Geschützt wird auch die Hilfe Dritter

Das Recht auf selbstbestimmtes Sterben umfasst auch die Suche und Inanspruchnahme angebotener Hilfe von Dritten, so das BVerfG weiter. Die Durchführung und damit Ausübung der geschützten freien Persönlichkeitsentfaltung sei in diesem Fall abhängig von der Mitwirkung Dritter. Das Grundgesetz schütze somit auch die Freiheit – insbesondere die Berufsfreiheit und das Freiheitsrecht – der Personen und Vereinigungen, die Sterbehilfe anbieten. Als Adressaten der Norm würde ihnen andernfalls die Suizidhilfe rechtlich untersagt und das Recht auf selbstbestimmtes Sterben könne kaum gewährleistet werden.

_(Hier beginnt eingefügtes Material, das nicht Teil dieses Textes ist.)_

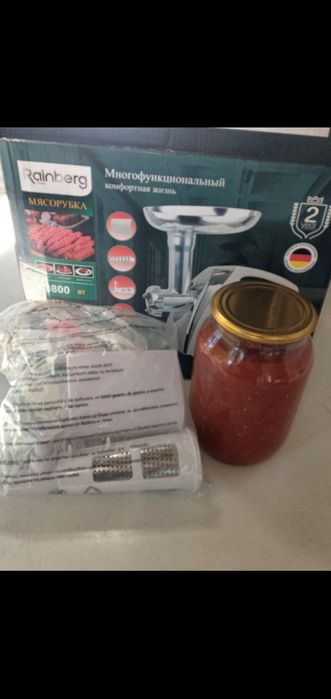 Электромясорубка с соковыжималкой с реверсом + 3 насадки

Der Gesetzgeber verfolgt mit dem Verbot einen bedeutsamen Zweck

Der Gesetzgeber verfolgt mit dem Eingriff in das allgemeine Persönlichkeitsrecht der Sterbewilligen einen vom BVerfG als legitim angesehenen Zweck: Vor Gefahren für die Selbstbestimmung des Einzelnen über das Leben und damit das Leben als solches zu schützen. Es drohe die Gefahr, dass geschäftsmäßige Suizidhilfe zu einer „gesellschaftlichen Normalisierung“ der Suizidhilfe führen könnte. Es solle verhindert werden, dass weiterhin Suizidhilfe ohne vorherige Sicherstellung einer fachärztliche Untersuchung, Beratung und Aufklärung geleistet wird. Die freie Willensbildung und Entscheidungsfindung soll hinreichend sichergestellt werden und nicht von Ängsten vor Versorgungslücken in Medizin und Pflege oder Bedenken, Angehörigen und Dritten zur Last zu fallen, bestimmt werden.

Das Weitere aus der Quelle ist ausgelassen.